I don't think I want to play almost half my games against the same three opponents. Now that's not unheard of. The 2013 MLB schedule has its teams playing an even higher percent of its games against divisional opponents although it does have more opponents (4 instead of our 3). The NFL is in the middle, followed by the NHL and NBA. Here are the numbers:
MLB - 76 of 162 games (47%)
NFL - 6 of 16 games (37.5%)
NHL - 24 of 82 games (29%)
NBA - 16 of 82 games (19.5%)
I believe the MLB numbers to be distorted by the fact that interleague play has only been around for 15 years with only 20 games dedicated to the opposing league. Whatever.

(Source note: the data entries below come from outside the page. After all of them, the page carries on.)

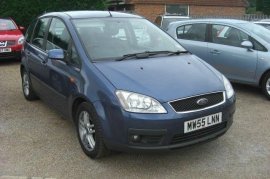 Ford C-Max 1.8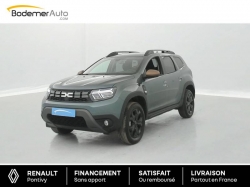 Dacia Duster Blue dCi 115 4x2 Extreme 56-Morbihan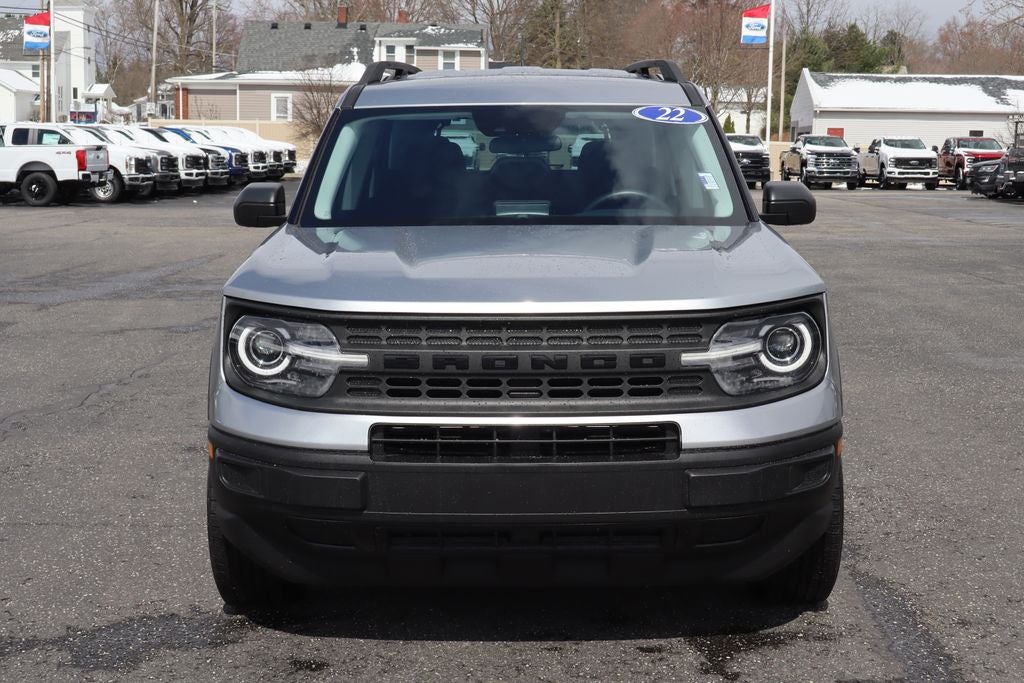 2022 Ford Bronco Sport Base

Here are the RBL numbers for 2 & 3 divisional games respectively (assuming 21 week schedule):
6 of 21 games (28.5%)
9 of 21 games (43%)
Truth is, those comparisons don't really amount to much without context. An important question is how divisional play affects a teams chances of earning a playoff berth. Does it create inequities (i.e. leave out good teams & let bad teams in)? I don't have any analysis or data to back this up but here's a possibility that comes to mind: A good team is in a division with a really good team, say the best in the league. We seem to have a run-away team every two or three years. If the good team now has to play the really good team three times during the season, the overloaded schedule can be a killer for grabbing a wild card. Playing the best team in the league for 14% of your games seems... well, cruel.
More numbers. Percent of games played against one opponent:
NFL - 2 of 16 games (12.5%)
MLB - 19 of 162 games (11.7%)
NHL - 6 of 82 games (7.3%)
NBA - 4 of 82 games (4.9%)
2 of 21 games (9.5%)
3 of 21 games (14.3%)
Am I going through all these numbers just to confirm my own bias? Maybe and it seems to be working.